Jake Roberge, Analyst
Allan, you’ve talked a lot about the reoptimization of those R&D resources. Is that more about going deeper into some of your less mature products that have big opportunities like CLM, or is it about building the self-serve and more frictionless e-signature capabilities that you’ve talked a lot about? And which of those opportunities do you see being larger as we move forward?
Allan Thygesen, CEO
We are focusing our investment dollars on accelerating our product growth and enhancing our agreement workflow roadmap within the CLM space, as well as advancing our cloud migration efforts. We are in the midst of transitioning our suite to Microsoft Azure, which strengthens our relationship with Microsoft.
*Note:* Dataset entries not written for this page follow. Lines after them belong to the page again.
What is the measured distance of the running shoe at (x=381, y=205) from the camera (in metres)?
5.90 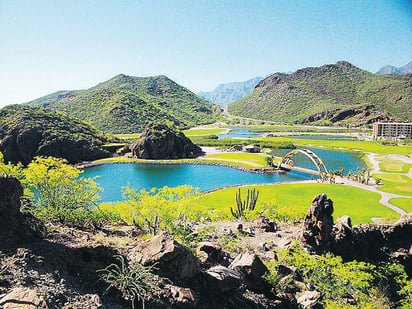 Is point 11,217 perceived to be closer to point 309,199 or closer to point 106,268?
point 106,268

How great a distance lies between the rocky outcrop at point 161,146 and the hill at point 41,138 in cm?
1441

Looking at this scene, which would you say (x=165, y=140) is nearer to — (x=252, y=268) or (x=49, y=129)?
(x=49, y=129)

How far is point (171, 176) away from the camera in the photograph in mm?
68500

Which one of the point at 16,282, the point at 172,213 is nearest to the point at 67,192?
the point at 172,213

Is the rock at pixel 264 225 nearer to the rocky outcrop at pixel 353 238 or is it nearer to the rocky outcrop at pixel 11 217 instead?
the rocky outcrop at pixel 353 238

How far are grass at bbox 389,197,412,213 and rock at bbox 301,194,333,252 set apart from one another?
26858 mm

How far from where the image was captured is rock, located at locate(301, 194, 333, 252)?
22.0 m

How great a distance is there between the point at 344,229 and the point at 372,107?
203344 millimetres

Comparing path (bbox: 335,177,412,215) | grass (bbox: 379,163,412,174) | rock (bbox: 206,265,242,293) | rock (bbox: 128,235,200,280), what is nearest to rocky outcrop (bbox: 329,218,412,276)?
rock (bbox: 206,265,242,293)

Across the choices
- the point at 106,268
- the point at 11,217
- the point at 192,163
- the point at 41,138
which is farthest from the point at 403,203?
the point at 41,138

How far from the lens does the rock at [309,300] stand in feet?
49.3

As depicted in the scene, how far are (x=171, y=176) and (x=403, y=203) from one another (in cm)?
4994

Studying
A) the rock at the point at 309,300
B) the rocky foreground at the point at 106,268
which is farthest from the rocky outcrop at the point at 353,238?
the rock at the point at 309,300

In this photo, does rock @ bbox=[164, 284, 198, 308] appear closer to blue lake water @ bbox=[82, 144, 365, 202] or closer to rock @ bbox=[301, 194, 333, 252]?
rock @ bbox=[301, 194, 333, 252] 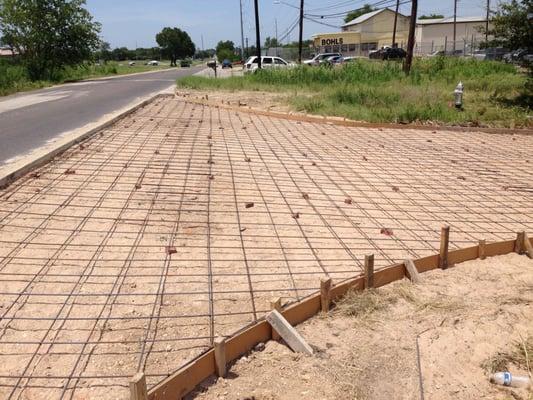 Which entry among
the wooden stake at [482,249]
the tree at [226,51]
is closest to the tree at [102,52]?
the tree at [226,51]

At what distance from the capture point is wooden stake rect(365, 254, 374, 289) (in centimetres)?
349

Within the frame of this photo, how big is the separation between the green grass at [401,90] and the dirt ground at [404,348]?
781 centimetres

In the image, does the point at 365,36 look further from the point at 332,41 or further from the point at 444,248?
the point at 444,248

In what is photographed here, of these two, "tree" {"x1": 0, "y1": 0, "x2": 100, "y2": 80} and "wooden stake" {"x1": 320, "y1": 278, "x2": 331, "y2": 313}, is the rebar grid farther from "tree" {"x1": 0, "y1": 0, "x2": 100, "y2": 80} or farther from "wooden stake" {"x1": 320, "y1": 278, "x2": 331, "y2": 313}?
"tree" {"x1": 0, "y1": 0, "x2": 100, "y2": 80}

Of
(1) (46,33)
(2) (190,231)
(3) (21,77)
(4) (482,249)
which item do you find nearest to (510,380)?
(4) (482,249)

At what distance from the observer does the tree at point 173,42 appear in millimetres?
83688

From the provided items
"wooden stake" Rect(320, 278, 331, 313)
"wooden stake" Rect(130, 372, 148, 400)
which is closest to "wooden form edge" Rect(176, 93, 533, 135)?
"wooden stake" Rect(320, 278, 331, 313)

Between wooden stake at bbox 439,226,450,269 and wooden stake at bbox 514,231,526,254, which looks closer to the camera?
wooden stake at bbox 439,226,450,269

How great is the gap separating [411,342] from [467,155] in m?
5.92

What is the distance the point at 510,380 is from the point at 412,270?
47.9 inches

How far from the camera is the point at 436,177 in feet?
22.4

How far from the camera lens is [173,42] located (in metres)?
83.7

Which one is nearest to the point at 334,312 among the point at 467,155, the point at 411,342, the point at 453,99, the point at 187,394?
the point at 411,342

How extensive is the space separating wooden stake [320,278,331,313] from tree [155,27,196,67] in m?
83.2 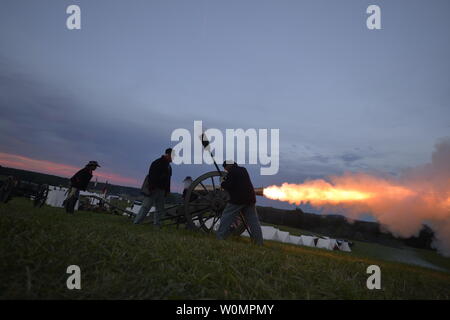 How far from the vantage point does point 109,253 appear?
2.79 metres

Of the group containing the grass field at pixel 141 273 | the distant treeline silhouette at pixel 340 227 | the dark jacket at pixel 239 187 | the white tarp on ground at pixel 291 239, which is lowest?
the distant treeline silhouette at pixel 340 227

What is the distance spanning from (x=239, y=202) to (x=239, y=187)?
1.12 ft

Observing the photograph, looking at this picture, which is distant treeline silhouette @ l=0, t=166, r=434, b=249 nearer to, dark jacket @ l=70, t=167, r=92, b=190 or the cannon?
dark jacket @ l=70, t=167, r=92, b=190

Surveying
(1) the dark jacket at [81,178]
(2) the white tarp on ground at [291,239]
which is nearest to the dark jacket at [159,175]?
(1) the dark jacket at [81,178]

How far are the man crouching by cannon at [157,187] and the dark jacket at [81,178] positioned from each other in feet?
9.61

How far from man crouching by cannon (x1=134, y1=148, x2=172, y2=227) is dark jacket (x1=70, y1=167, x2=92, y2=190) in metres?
2.93

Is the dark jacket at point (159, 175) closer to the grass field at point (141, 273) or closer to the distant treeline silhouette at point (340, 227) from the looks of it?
the grass field at point (141, 273)

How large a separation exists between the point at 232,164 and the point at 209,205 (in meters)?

This migration is crucial for moving key workloads and storage, and we believe it warrants increased investment. Once completed, it will provide us with greater scalability and allow us to tailor our offerings to meet local needs in international markets. While this migration won't be finished this year, we expect significant progress in fiscal '24. These areas represent additional product investment beyond our self-serve PLG initiatives.
Jake Roberge, Analyst
Okay. Great. That’s helpful. And then I just wanted to double-click on the product bundles performing better than expected during the quarter. Can you provide some specific examples of those bundles and which products really stood out in terms of customer adoption?
Allan Thygesen, CEO
Yes. I mean, very quickly, I’d say the most successful one, and I alluded to this earlier, was what we call a new co-bundle, so new customer acquisition where we bundled our core e-signature product with a couple of key options, SMS and single sign-on, and we had a baseline services offering to accelerate onboarding. And that was a really nice bundle. Some of our highest value features that we feel are most highly correlated with both customer satisfaction and renewal and getting people off to a good start really is helpful for renewal as well. So again, that was the most successful, worked really well, and we need to do more of that. Okay. Just quick, let’s just wrap up here. Thank you all for joining and for your support as we continue to evolve our business. In closing, while this past year was challenging, the changes we’re making are vital to driving our long-term growth and success. I think we delivered a solid finish to the year, and we are prioritizing our investment focus on the areas, which we believe will drive increased value for our customers, employees, and shareholders. I’m really excited about the steps we’ve taken to accelerate innovation, improve and diversify our go-to-market and support our vision of smarter, easier and trusted agreements. I look forward to sharing more with all of you as the year progresses. Thank you.
Operator, Operator
This concludes today’s conference. You may disconnect your lines at this time, and we thank you for your participation.